Exercise instructions: In the material below, the required lines run from the one containing "579 Stokestown Road Wallace, NC 28466" through the one containing "Ford Focus 1.0 EcoBoost Titanium - 27". Copy those lines exactly, ends included, and nothing else.

Data records:
☆ ☆ ☆ ☆ ☆

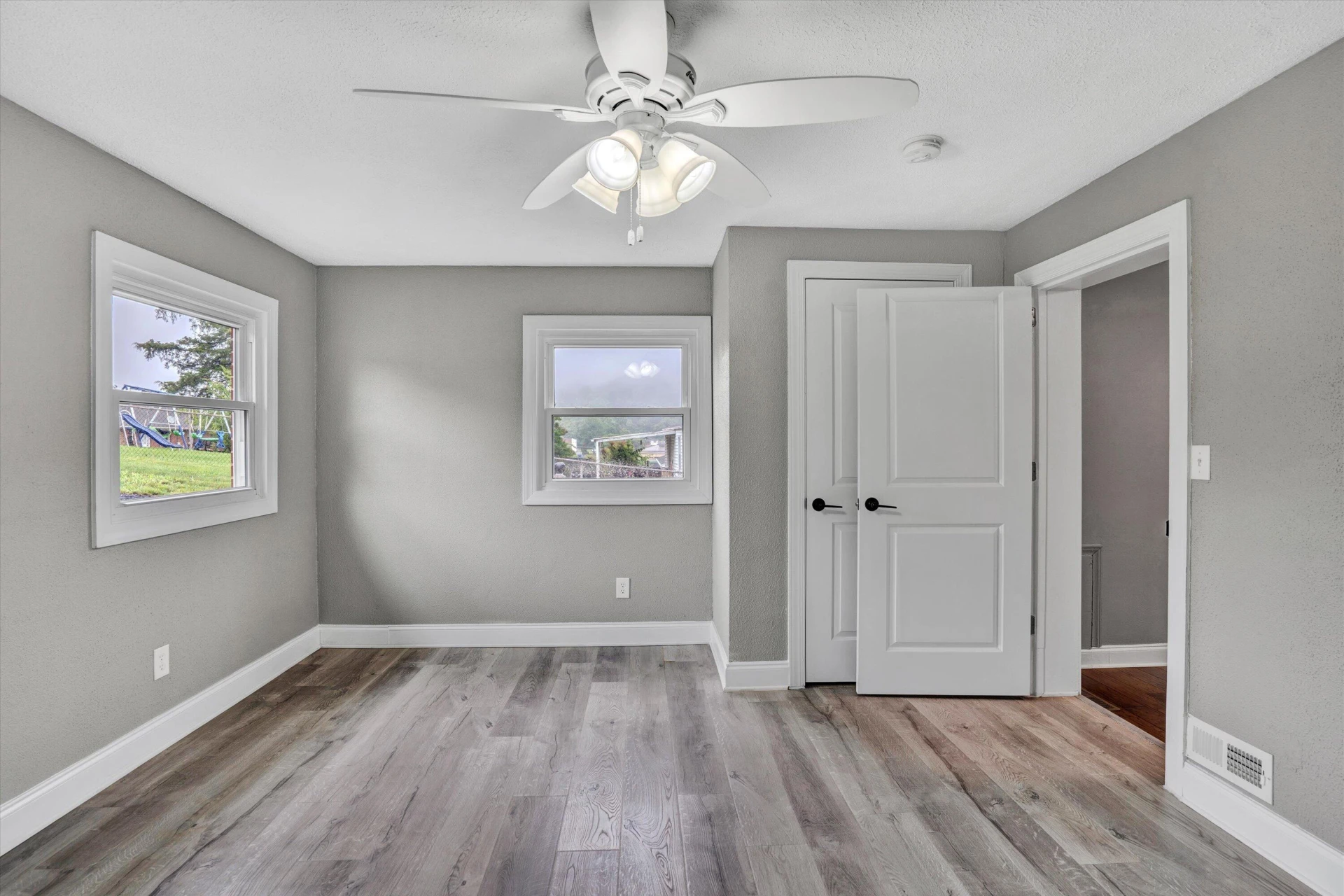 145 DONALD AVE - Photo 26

☆ ☆ ☆ ☆ ☆

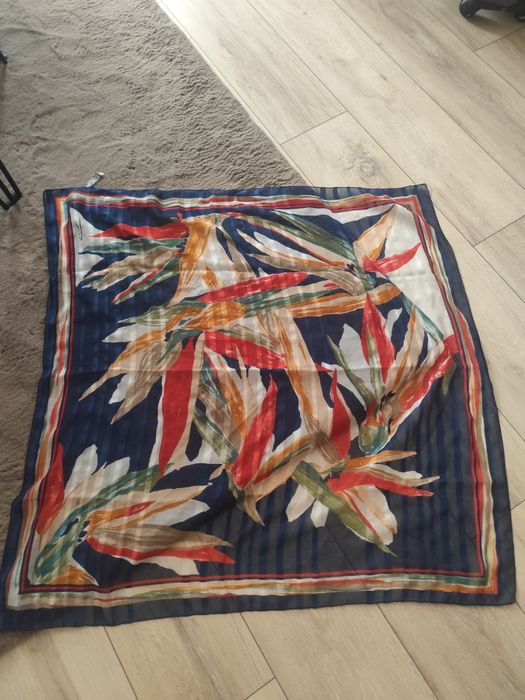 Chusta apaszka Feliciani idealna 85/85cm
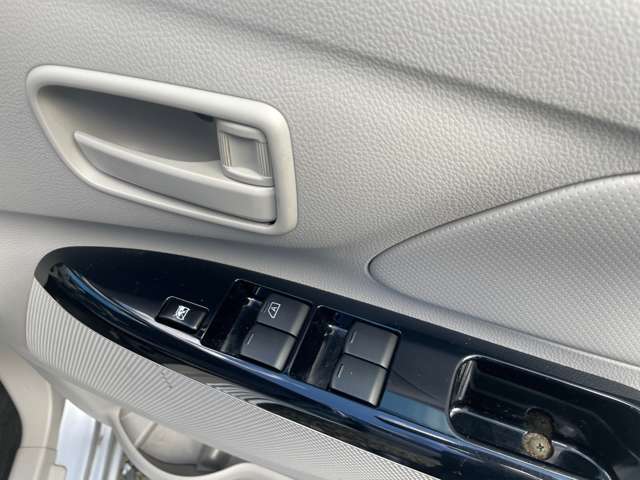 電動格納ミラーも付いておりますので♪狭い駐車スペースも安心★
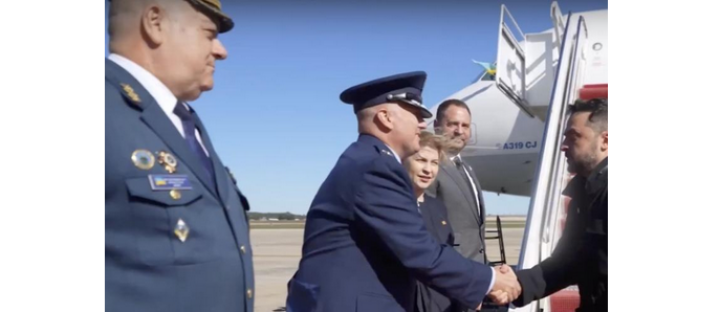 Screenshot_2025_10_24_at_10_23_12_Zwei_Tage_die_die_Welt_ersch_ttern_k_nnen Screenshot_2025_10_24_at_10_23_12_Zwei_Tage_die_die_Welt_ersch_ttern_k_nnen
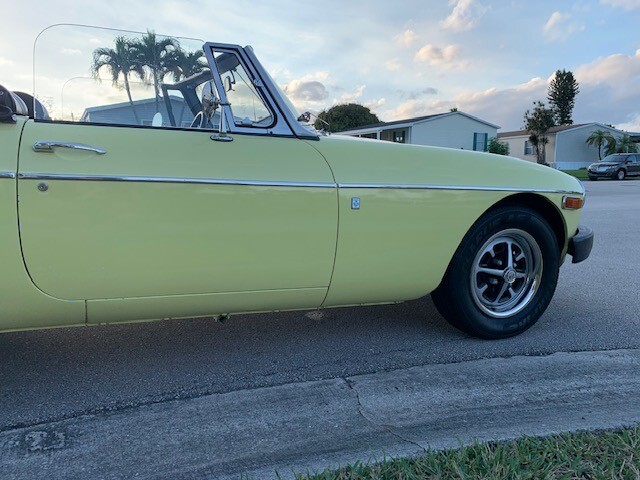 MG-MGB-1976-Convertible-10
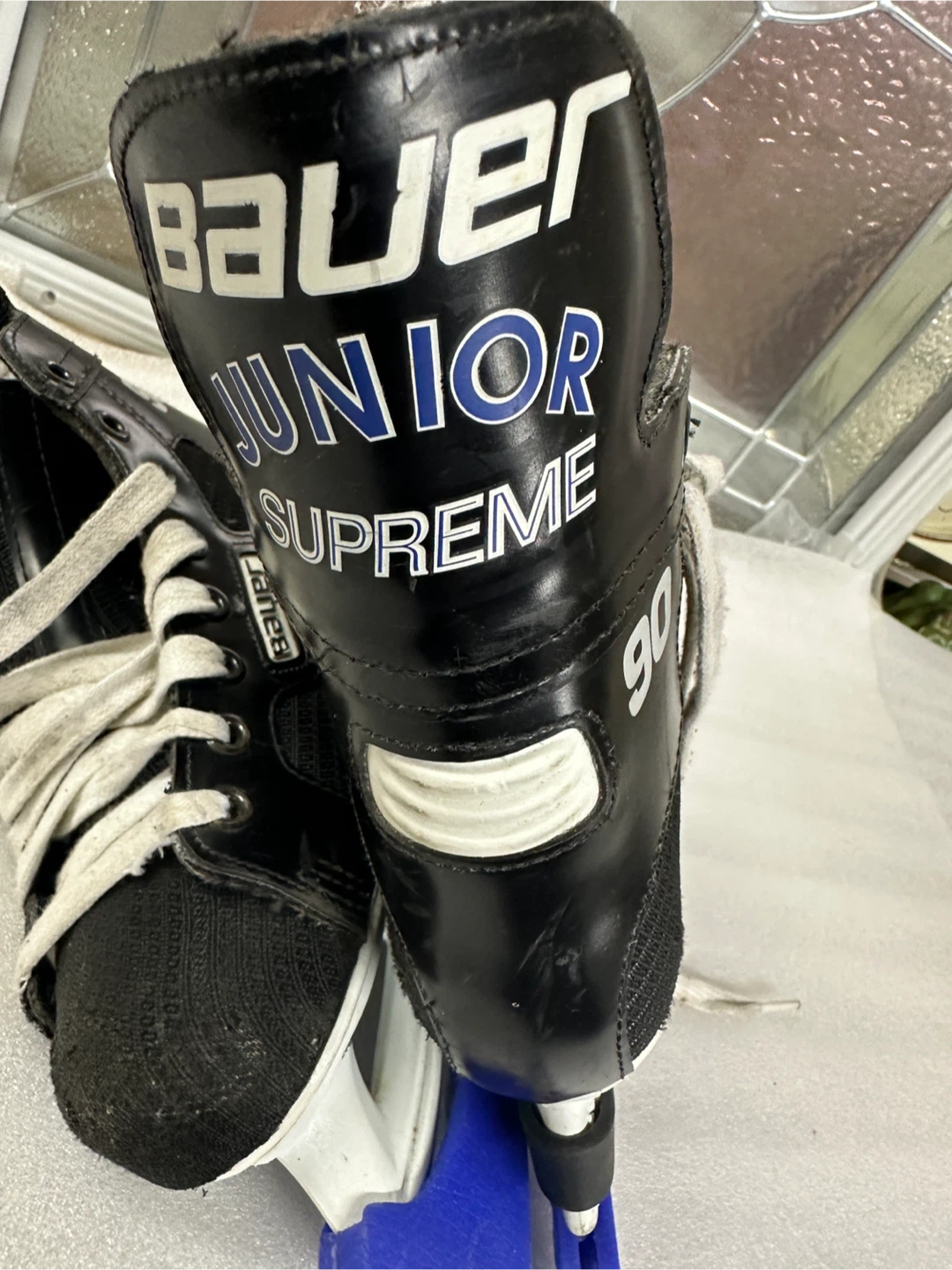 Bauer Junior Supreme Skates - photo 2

☆ ☆ ☆ ☆ ☆

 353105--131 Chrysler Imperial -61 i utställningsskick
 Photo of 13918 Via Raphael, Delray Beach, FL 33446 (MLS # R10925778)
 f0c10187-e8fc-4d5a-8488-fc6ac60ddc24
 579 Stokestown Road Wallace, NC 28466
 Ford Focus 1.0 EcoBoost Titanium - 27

☆ ☆ ☆ ☆ ☆

Response to the exercise:
 579 Stokestown Road Wallace, NC 28466
 Ford Focus 1.0 EcoBoost Titanium - 27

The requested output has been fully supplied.